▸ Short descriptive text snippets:
☆ ☆ ☆ ☆

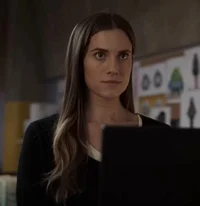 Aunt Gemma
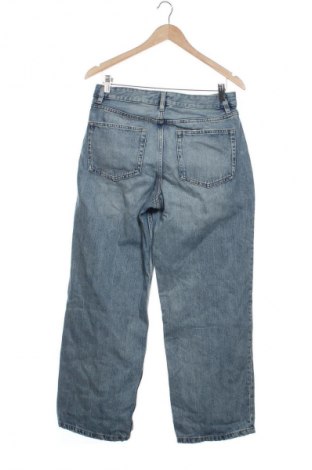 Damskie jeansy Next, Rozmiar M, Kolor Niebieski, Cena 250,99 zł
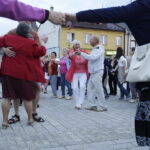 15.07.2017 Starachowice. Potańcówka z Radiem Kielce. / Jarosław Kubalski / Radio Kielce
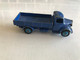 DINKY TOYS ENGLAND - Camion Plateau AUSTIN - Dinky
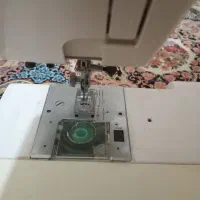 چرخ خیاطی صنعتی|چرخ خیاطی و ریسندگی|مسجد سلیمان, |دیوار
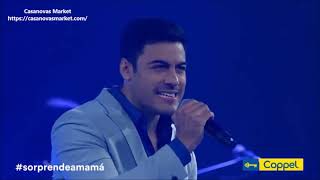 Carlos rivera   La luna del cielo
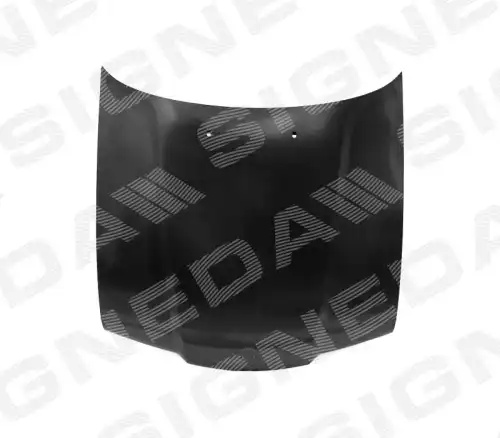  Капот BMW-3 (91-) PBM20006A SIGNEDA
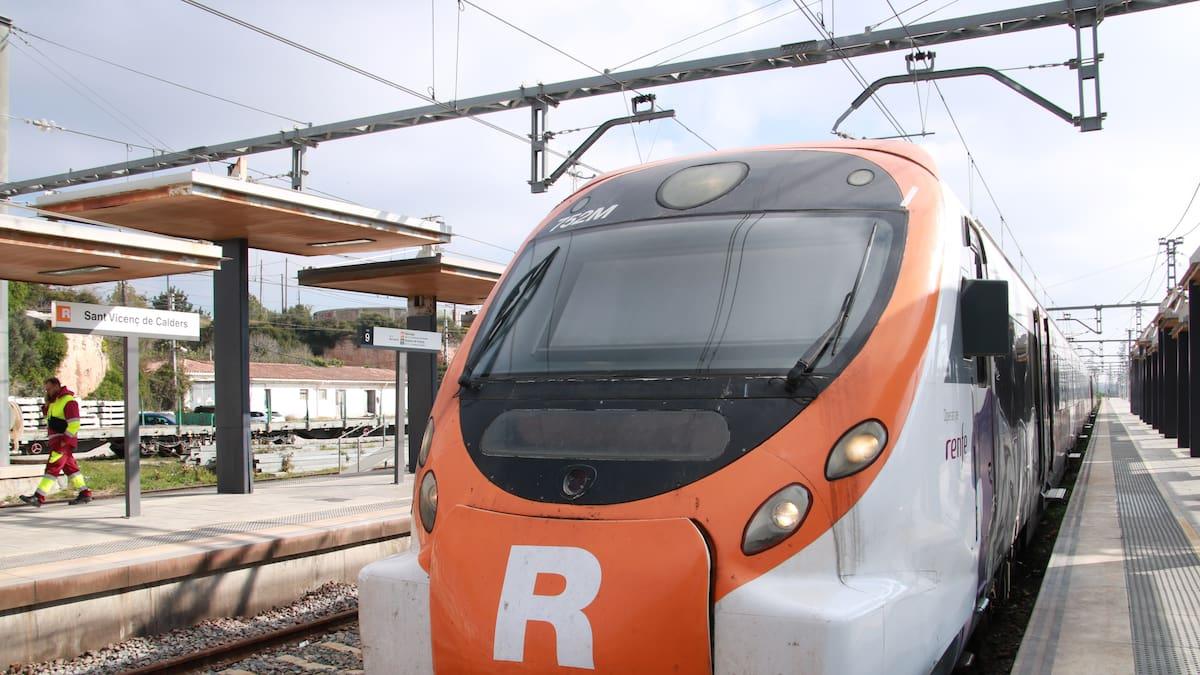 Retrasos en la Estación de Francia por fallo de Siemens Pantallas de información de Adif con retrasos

☆ ☆ ☆ ☆

▸ What you have to do:
Your task is to retype the records above in full and exactly, omitting the pictures.

▸ Solution:
 Aunt Gemma
 Damskie jeansy Next, Rozmiar M, Kolor Niebieski, Cena 250,99 zł
 15.07.2017 Starachowice. Potańcówka z Radiem Kielce. / Jarosław Kubalski / Radio Kielce
 DINKY TOYS ENGLAND - Camion Plateau AUSTIN - Dinky
 چرخ خیاطی صنعتی|چرخ خیاطی و ریسندگی|مسجد سلیمان, |دیوار
 Carlos rivera   La luna del cielo
  Капот BMW-3 (91-) PBM20006A SIGNEDA
 Retrasos en la Estación de Francia por fallo de Siemens Pantallas de información de Adif con retrasos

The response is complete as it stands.